Photo of Jamie Motley

Photo by Shannon O’Brien

Photo by Shannon O’Brien

When we caught up with Jamie Motley, the inaugural Anne Shen Chao ’74 Director of Student Success within the College’s new Anne Shen Chao ’74 Office of Student Success (OSS), she was getting ready to head to the grocery store to buy treats for the office’s eight student workers, who were planning a Thanksgiving meal. For Motley, it’s all about the first-generation, low-income students she serves—making them feel welcome, supported, and at home at Wellesley.

“The OSS is focused on the development of the whole person, and this requires collaboration across the entire College,” says Motley. “Rather than one short and concise definition of success, we’re looking at multiple success indicators, such as increased self-efficacy and interdependence, critical thinking and problem-solving skills, as well as leadership development.” It’s vital to meet students where they are and provide holistic advising, she says.

Motley grew up on the South Side of Chicago. Her mother was a nurse, and her father was a musician. “The expectation always was that I would go to college,” she says. Although not strictly first-generation herself, Motley was the first in her family to enroll in college straight out of high school, and the first to live on campus.

At Western Illinois University, Motley majored in journalism. “I wanted to tell people’s stories,” she says. During her undergraduate years, she wrote for the student paper and assembled a portfolio of clips. Back home in Chicago, she knocked on the door of the Tribune and the Sun Times, but there was no interest in her. “The story would have been different if I had had internships,” she says. “I could have used a mentor.”

She aims to make sure that Wellesley’s first-generation, low-income students never feel that lack.

Motley briefly worked at a magazine after college, but unethical practices there prompted her to quit. “But I had a studio apartment and a car and bills to pay,” she says. A friend connected her with a position at a child welfare agency, where she managed a heavy caseload of children from 4 months old to age 14. “I saw horrific things,” she says. “And I had an epiphany: I wanted to do something where I could actually change people’s lives.”

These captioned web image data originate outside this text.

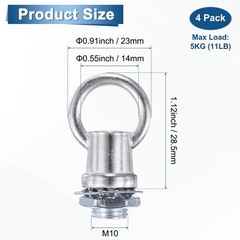 M METERXITY 4 Pack Light Fixture Hooks Ring Nuts,5kg Max Load 13mm ID M10 Thr…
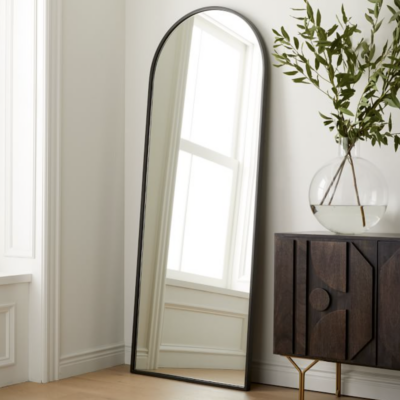Metal Frame Arched Floor Mirror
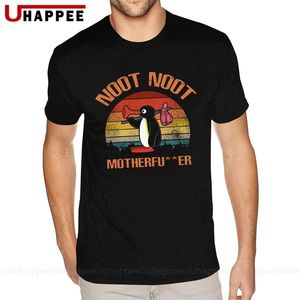 Vintage Graphic Noot Pingu Shirt Hombres Haga sus propias mangas cortas Red O-cuello Tees Shirts 210707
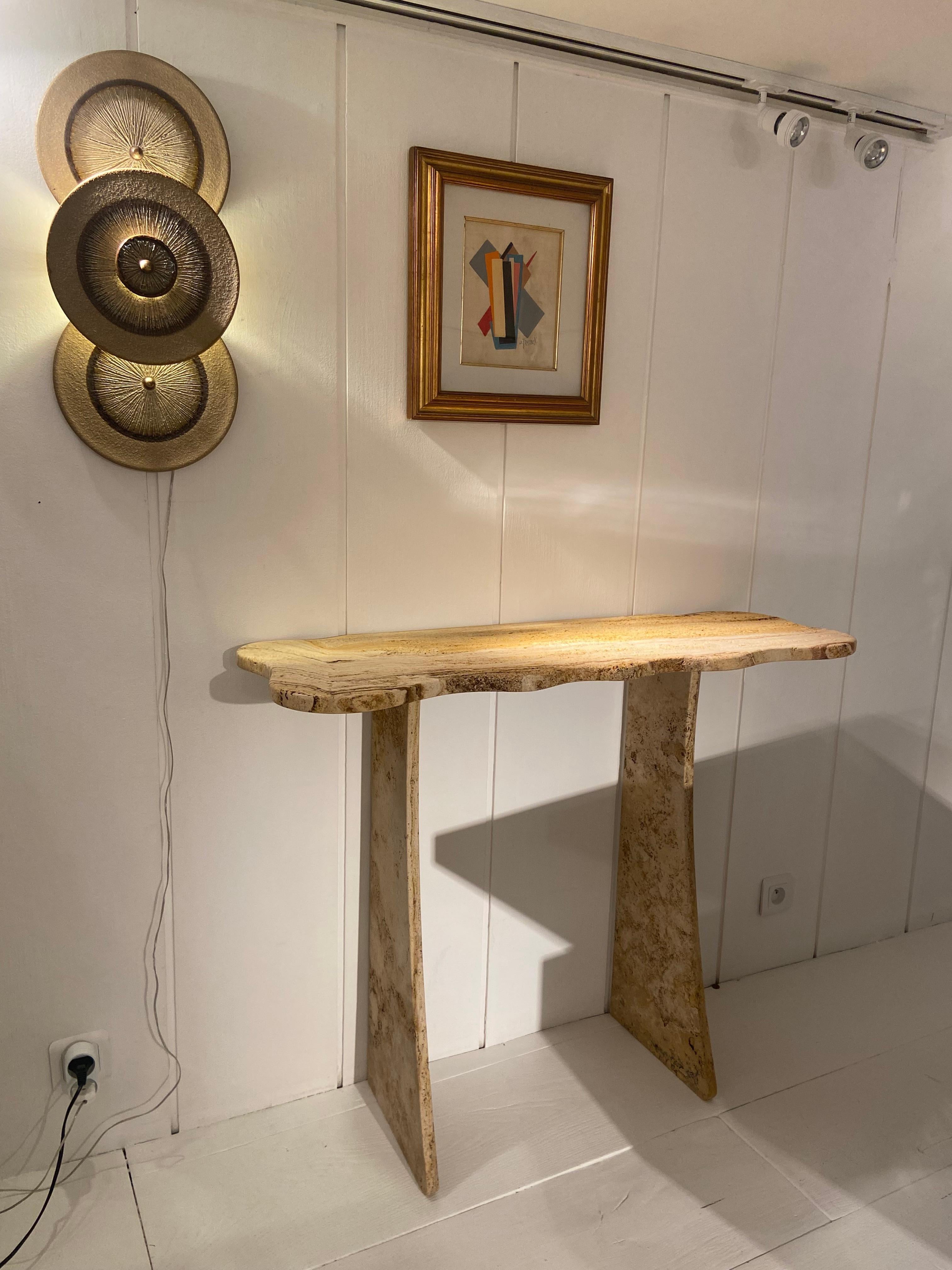 Travertine marble console by Jean Frédéric Bourdier 9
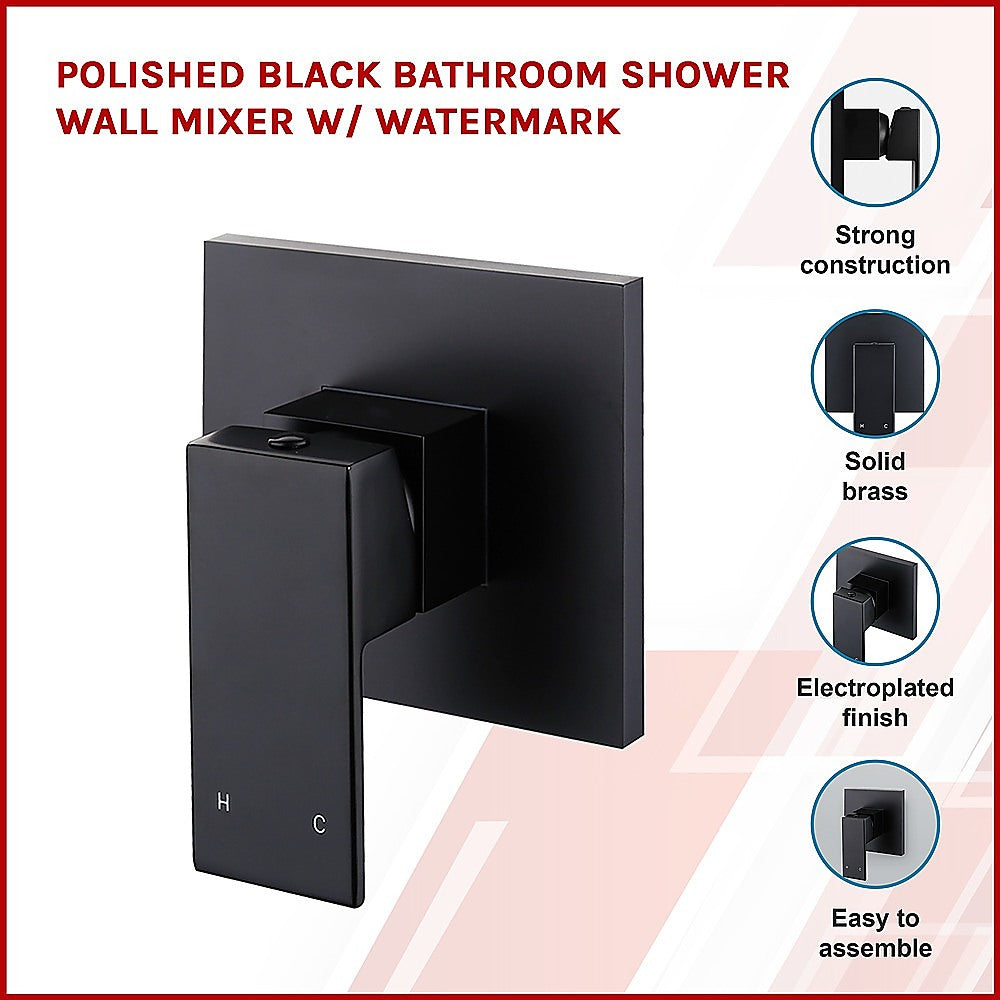 Polished Black Bathroom Shower Wall Mixer w/ WaterMark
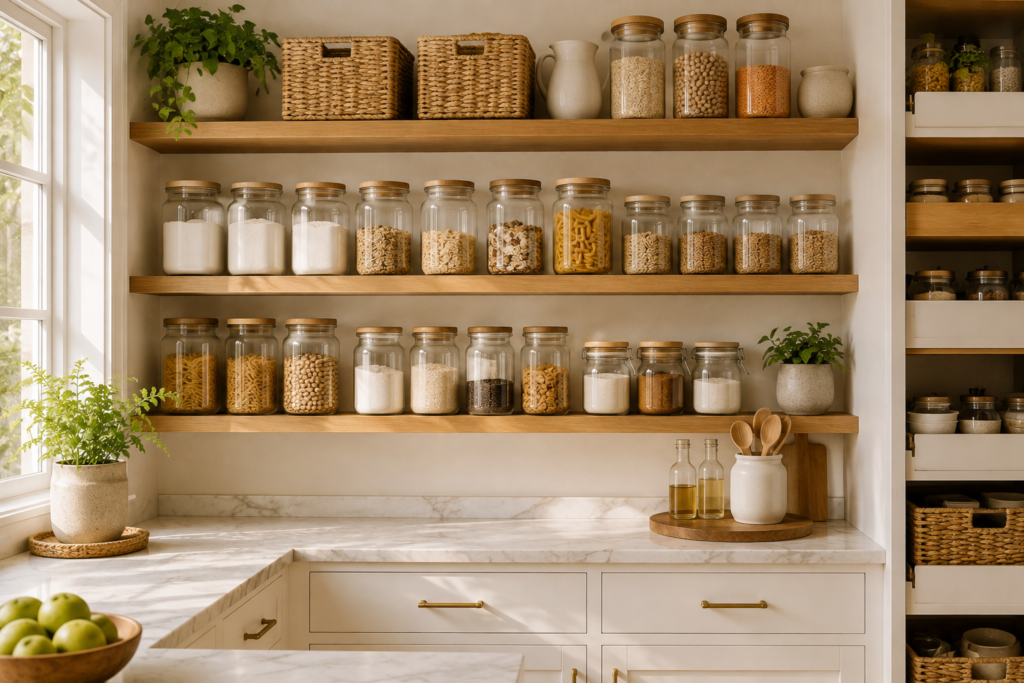 Clear pantry containers neatly organized with rice, pasta, oats, flour, cereal, and baking staples in a Scandinavian kitchen.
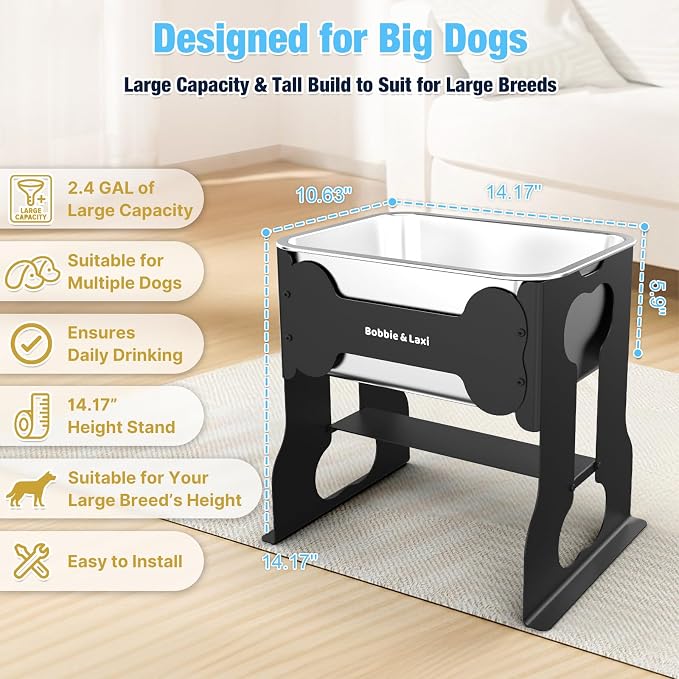 Bobbie & Laxi 14" Elevated Dog Water Bowl, 2.4 Gal Stainless Steel Bowl | Raised Dog Bowl for Large Breed, Metal Dog Feeding Station for Relief Joint Pressure, Easy Clean for Indoor & Outdoor Use - Image 4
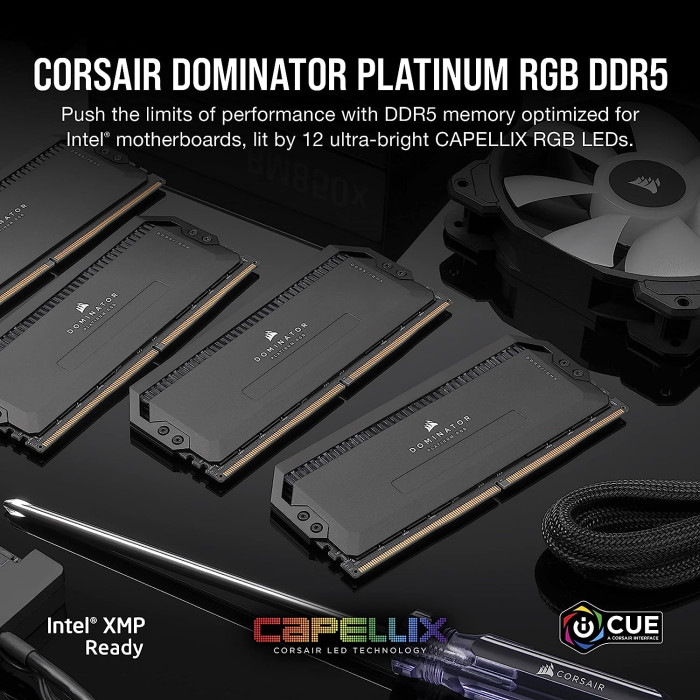 Corsair 64 GB (2x32GB) DDR5 5200 MHz Dominator Platinum RGB (CMT64GX5M2B5200C40)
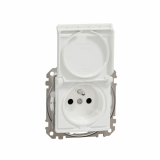 SCHNEIDER ELECTRIC - GNIAZDO POJEDYŃCZE Z UZIEMIENIEM 2P+Z KLAPKA  IP44 BIAŁY SEDNA DESIGN - SDD211013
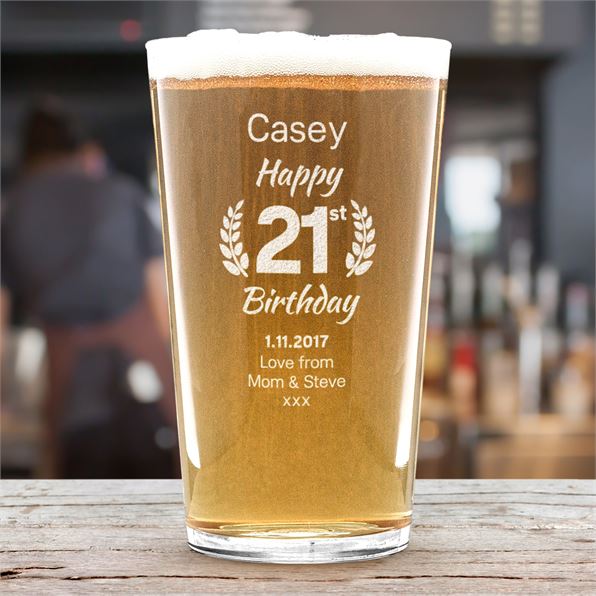 21st Birthday Pint Glass Personalised - Laurel Wreath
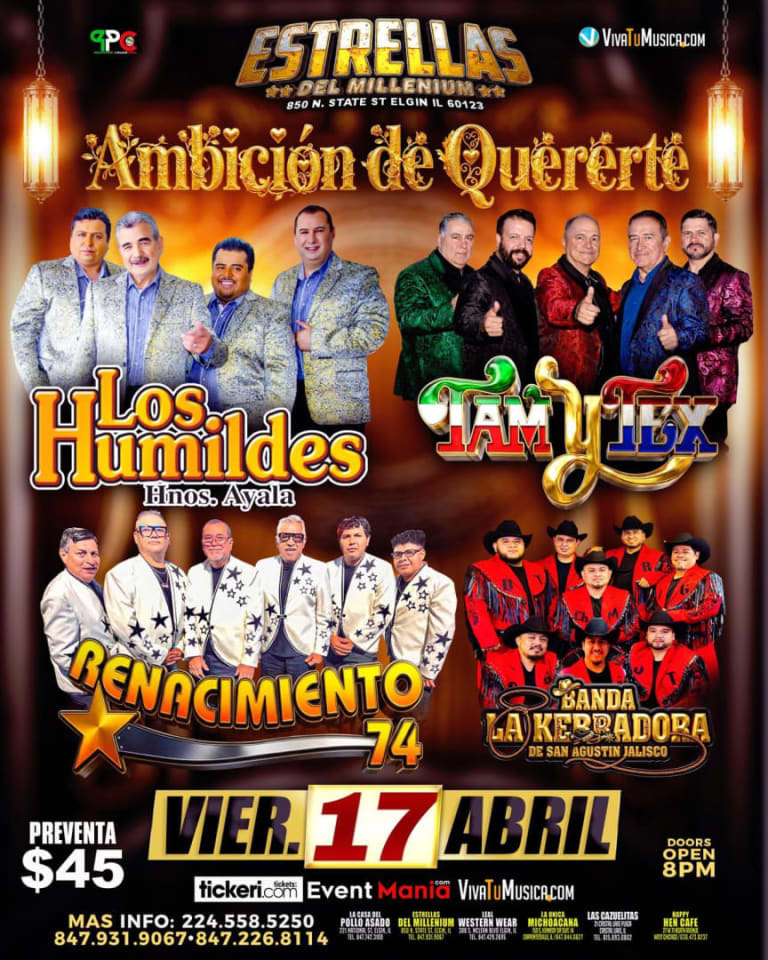 Event - Ambicion de Quererte en Estrellas Del Millenium - Elgin, Illinois - April 17, 2026 | concert tickets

That meant going back to school. “We didn’t have much money when I was growing up, but we had books,” Motley says. “When I asked questions, my mom always said, ‘Look it up.’ So I did, and found out about graduate programs and financial support.” She enrolled at the University of Illinois Urbana-Champaign, where she earned both her M.Ed. in higher education administration and Ph.D. in educational policy studies.

“I had never contemplated getting a Ph.D., but other people suggested I could, and I started to consider it myself,” she says. “That just shows the power of mentors and professors—of having someone believe in you.”

Motley went on to leadership positions at colleges and universities in Illinois, Georgia, Alabama, and Missouri. Then, in 2021, she and her husband, Robert Motley Jr., moved east for his job at the Boston College School of Social Work, where he studies the intersection of racism, violence, and trauma for Black emerging adults. She also worked at BC, but “the stars aligned” when the opportunity at Wellesley opened up.

Motley says she is proud of her office’s accomplishments since she arrived on campus in January 2022, including participation in the national First Gen Summit, holding a week of on-campus programming during first gen week, and the formation of a first gen advisory committee, consisting of 29 faculty, staff, and students from across the College who are committed to helping these students thrive.

There is still much work to be done. “For our first-gen, low-income students, the obstacles are often present before they ever step foot on campus,” Motley says. “Some must navigate their entire college application process with little or no support. They then have to learn how to thrive in a rigorous academic environment where there are often unspoken or unclear rules and expectations. They must also deal with things like impostor syndrome, and working one or more jobs to support themselves and their families. It takes a community of support to help the students understand that they truly do belong here, then make it possible for them to excel.”

She adds, “These students bring the diversity we need in the College and in the world.”